高齢期のお金で何が問題か

 高齢期になってから、お金で不自由な思いをしたくない。誰でもそう思うのではないだろうか(筆者も、そう思う)。2019年に勃発した「老後2,000万円問題」は、人々のその思いによってあれほどに世間を賑わすことになったのだろう。

 もっとも、一口に「高齢期」と言っても範囲が広い。そして、段階によって主な課題が異なる。

 筆者は、高齢期のお金の問題を、年齢別に3段階に分けて説明する事が多い。図1は、それぞれの段階での課題を簡単にまとめたものだ。

図1

 45歳くらいからファースト・キャリアの仕事をリタイアする辺りまでの「高齢準備期」では、セカンド・キャリアの生活設計が重要だ。「60歳を過ぎるくらいから、自分はどんな仕事をして、いつまで働いて、いくらぐらい稼ぐのか」を具体的に考える必要がある。セカンド・キャリアの準備には大きく分けて「能力」と「顧客」の二つが必要であり、それなりに長い期間が必要だ。準備期間が短いと、「出来ること」の範囲が貧弱で小さなものになってしまう。

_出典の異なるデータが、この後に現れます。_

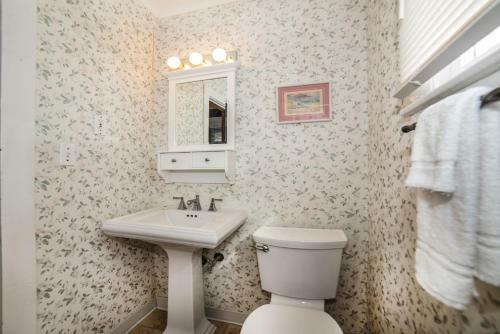 Apartamentos Sun N Fun Beachfront Vacation Rentals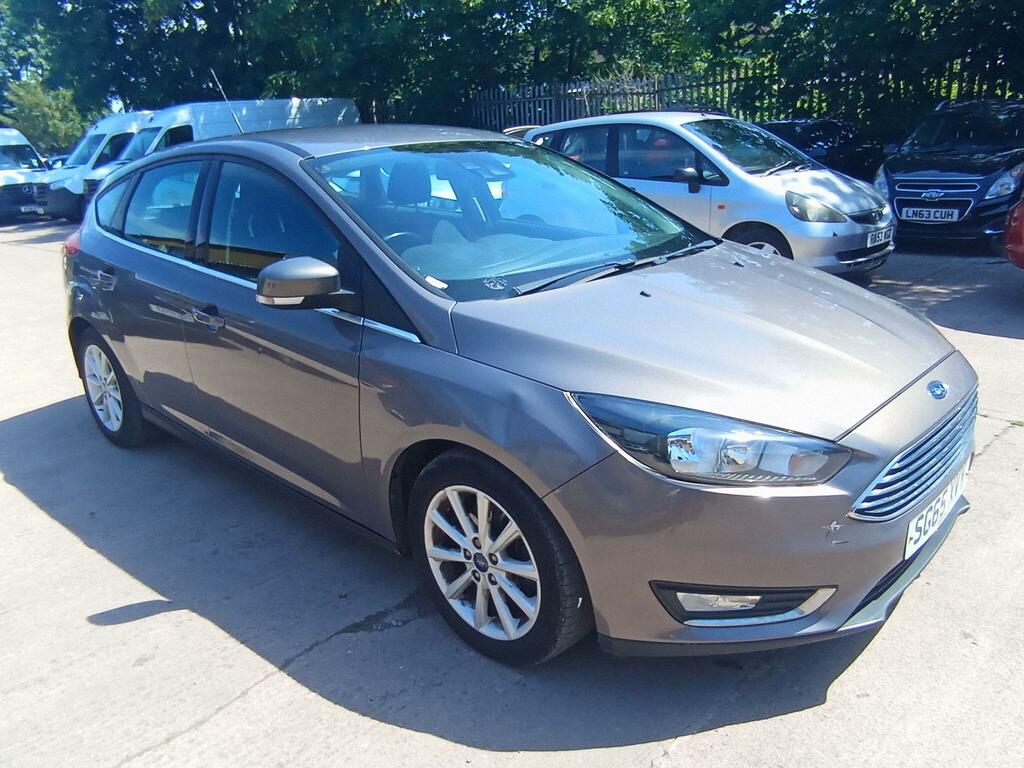 Ford Focus Titanium Brown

「高齢前期」は、ファースト・キャリアのリタイア後にあたり、自分でお金に関する判断が出来る時期だ。退職金を受け取るなど、生涯で一番お金を持っている時期になる場合もある。率直に言って、金融機関から見ると絶好の営業ターゲットである。

 この時期に持っているお金を正しく運用できるか否かで、生涯に使えるお金(又は相続するお金)に大きな差が付く。適切な運用を行い、何よりも余計な手数料を金融機関に支払わないことが大事なのだが、現実には簡単でない。

「高齢後期」は個人差があるが75歳、80歳くらいから後の最晩年の時期だ。この時期の大きな問題は、自分自身が認知症になるリスクに備えることだ。

 例えば認知症の症状が進んでしまって、取引している金融機関から「後見人を付けて頂かないと、今後の取引が出来ません」と言われた場合、家庭裁判所に後見人の選任を申し立てると、子供が自分を推薦しても、弁護士や司法書士のような職業後見人が選任される場合が少なくない。そうなると、本人のお金を自由に使えなくなるだけでなく、毎月数万円(本人の資産額に応じて家庭裁判所が決める)の手数料を支払わなければならなくなる。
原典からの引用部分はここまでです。